=== Task inputs ===

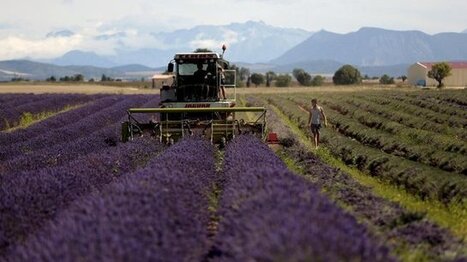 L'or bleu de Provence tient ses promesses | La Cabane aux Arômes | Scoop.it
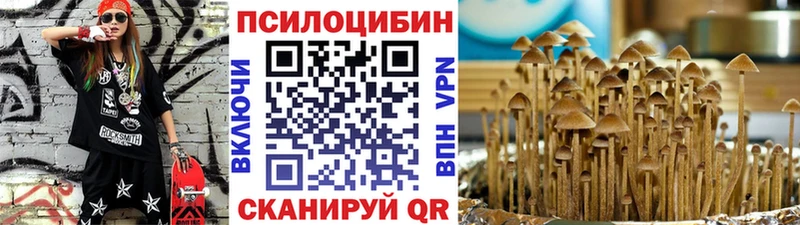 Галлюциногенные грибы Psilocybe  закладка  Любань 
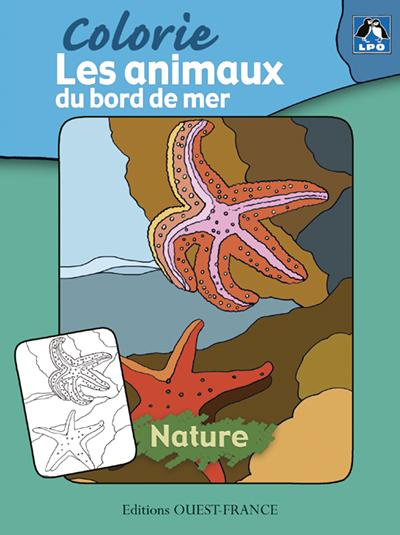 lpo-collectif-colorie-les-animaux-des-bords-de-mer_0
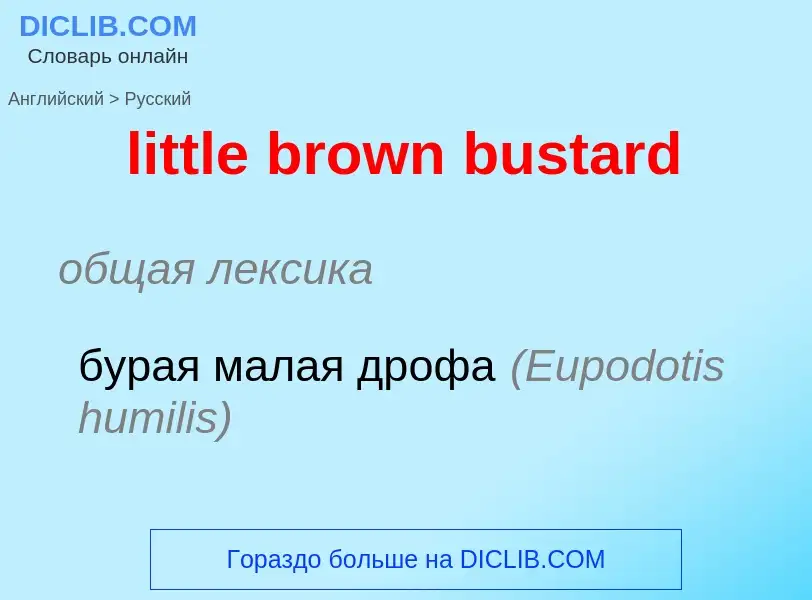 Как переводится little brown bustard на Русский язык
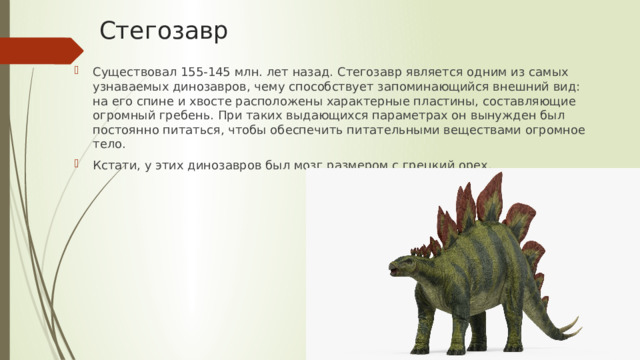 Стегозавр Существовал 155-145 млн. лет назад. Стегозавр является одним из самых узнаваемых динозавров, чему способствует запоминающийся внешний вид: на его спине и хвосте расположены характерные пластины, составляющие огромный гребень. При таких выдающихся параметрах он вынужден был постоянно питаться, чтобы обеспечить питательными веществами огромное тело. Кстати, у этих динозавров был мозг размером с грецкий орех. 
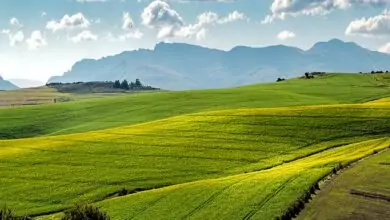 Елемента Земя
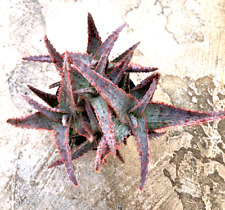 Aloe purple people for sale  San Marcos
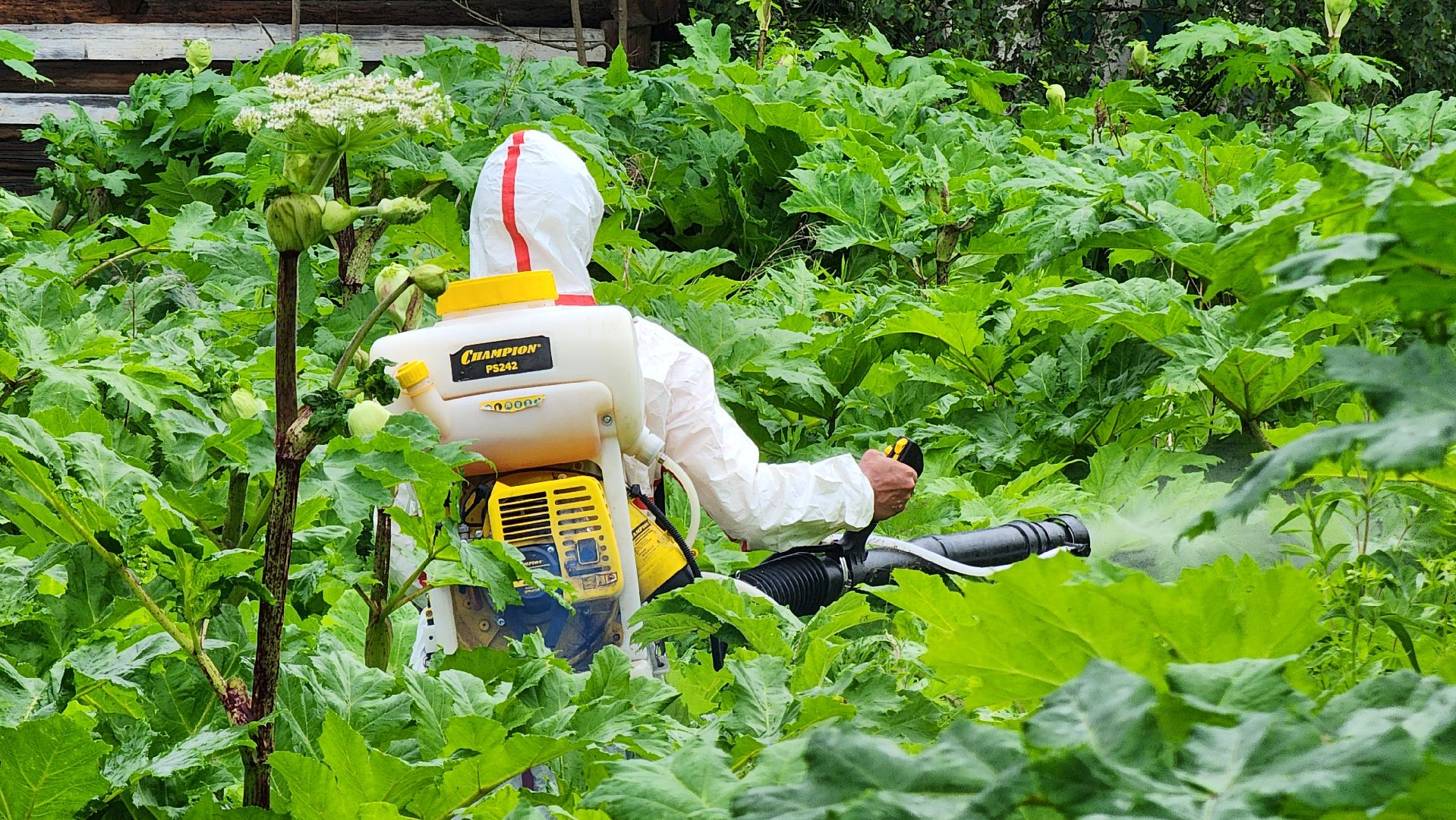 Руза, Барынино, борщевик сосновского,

===
=== Task inputs ===

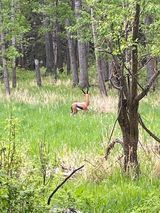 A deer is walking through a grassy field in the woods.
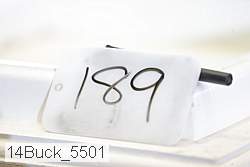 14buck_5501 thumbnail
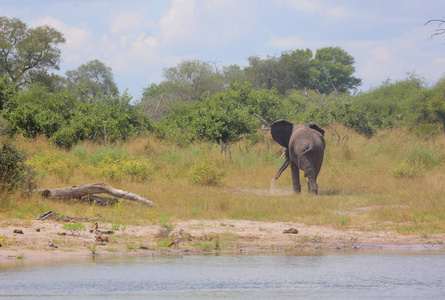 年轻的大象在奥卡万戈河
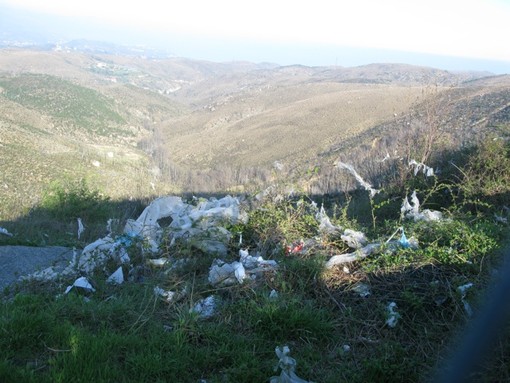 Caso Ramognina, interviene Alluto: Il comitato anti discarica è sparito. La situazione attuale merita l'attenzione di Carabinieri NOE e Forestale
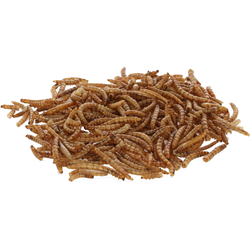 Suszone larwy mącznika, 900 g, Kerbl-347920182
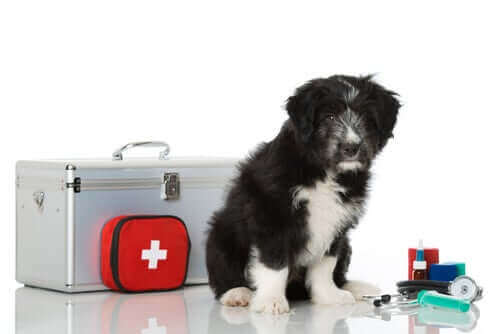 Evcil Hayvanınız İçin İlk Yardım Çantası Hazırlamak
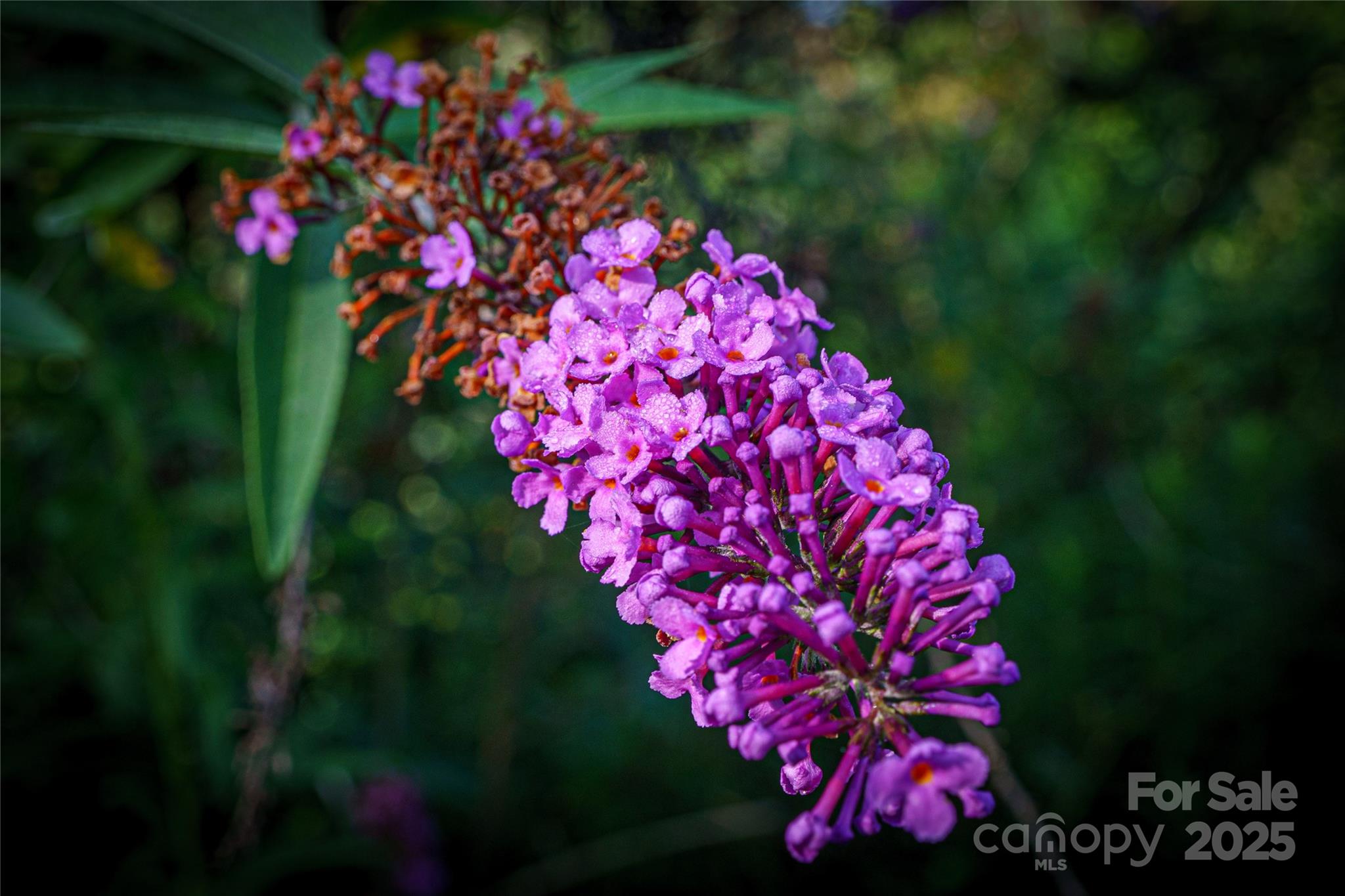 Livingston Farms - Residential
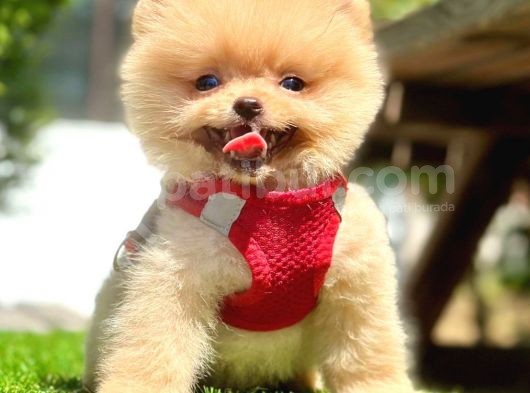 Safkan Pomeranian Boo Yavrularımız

===
=== Task inputs ===

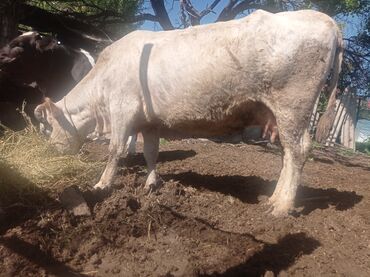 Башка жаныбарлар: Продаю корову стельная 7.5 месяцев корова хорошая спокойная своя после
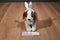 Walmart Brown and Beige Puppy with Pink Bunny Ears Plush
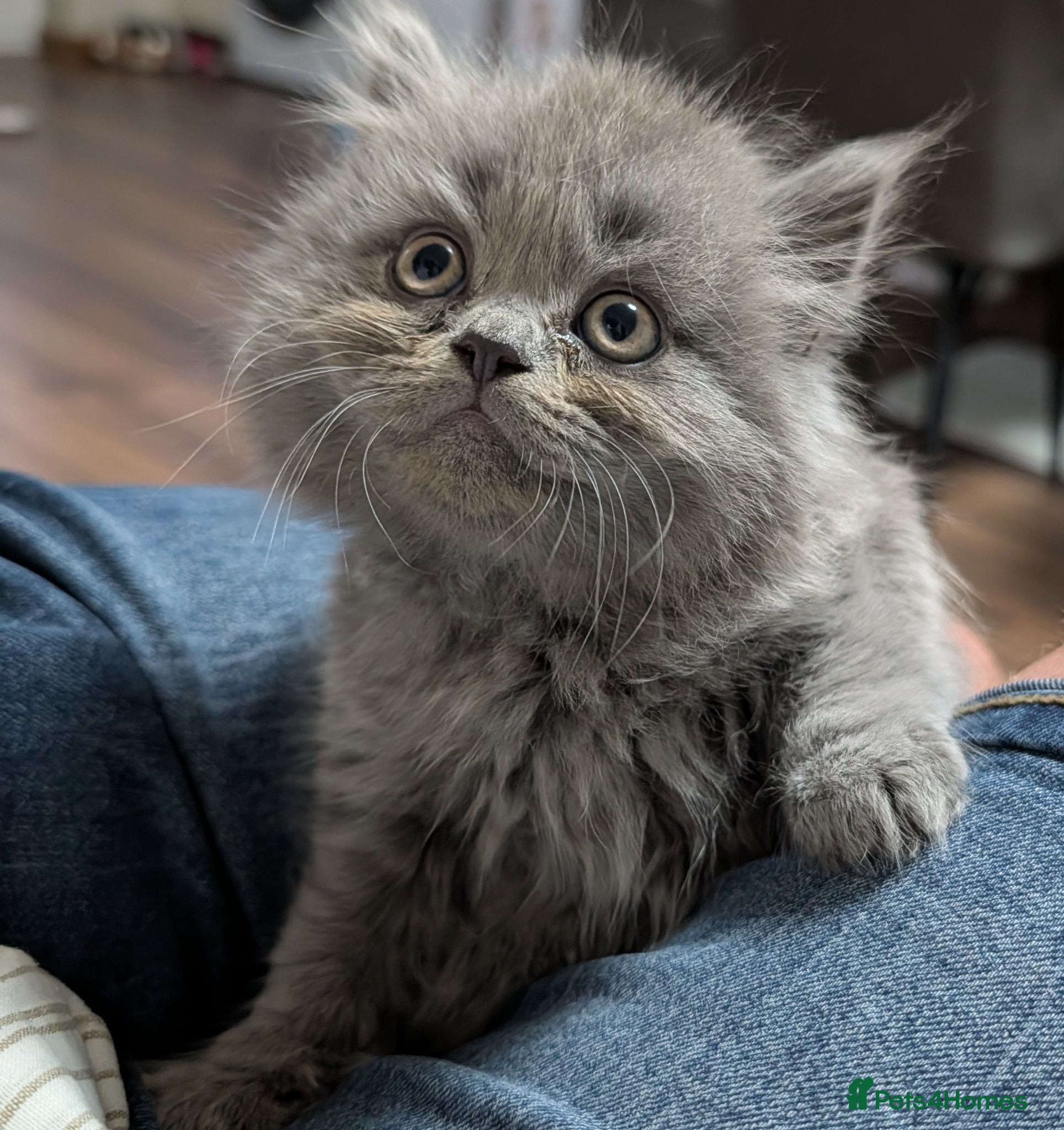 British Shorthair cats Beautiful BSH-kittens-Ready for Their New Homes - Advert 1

===

▶ [Activity]
In the listing above, find the line with "Стегозавр Существовал 155-145" and the line with "Руза, Барынино, борщевик". Output both, plus every line between them, and no pictures.

▶ [Reply to the exercise]
 Стегозавр Существовал 155-145 млн. лет назад. Стегозавр является одним из самых узнаваемых динозавров, чему способствует запоминающийся внешний вид: на его спине и хвосте расположены характерные пластины, составляющие огромный гребень. При таких выдающихся параметрах он вынужден был постоянно питаться, чтобы обеспечить питательными веществами огромное тело. Кстати, у этих динозавров был мозг размером с грецкий орех. 
 Елемента Земя
 Aloe purple people for sale  San Marcos
 Руза, Барынино, борщевик сосновского,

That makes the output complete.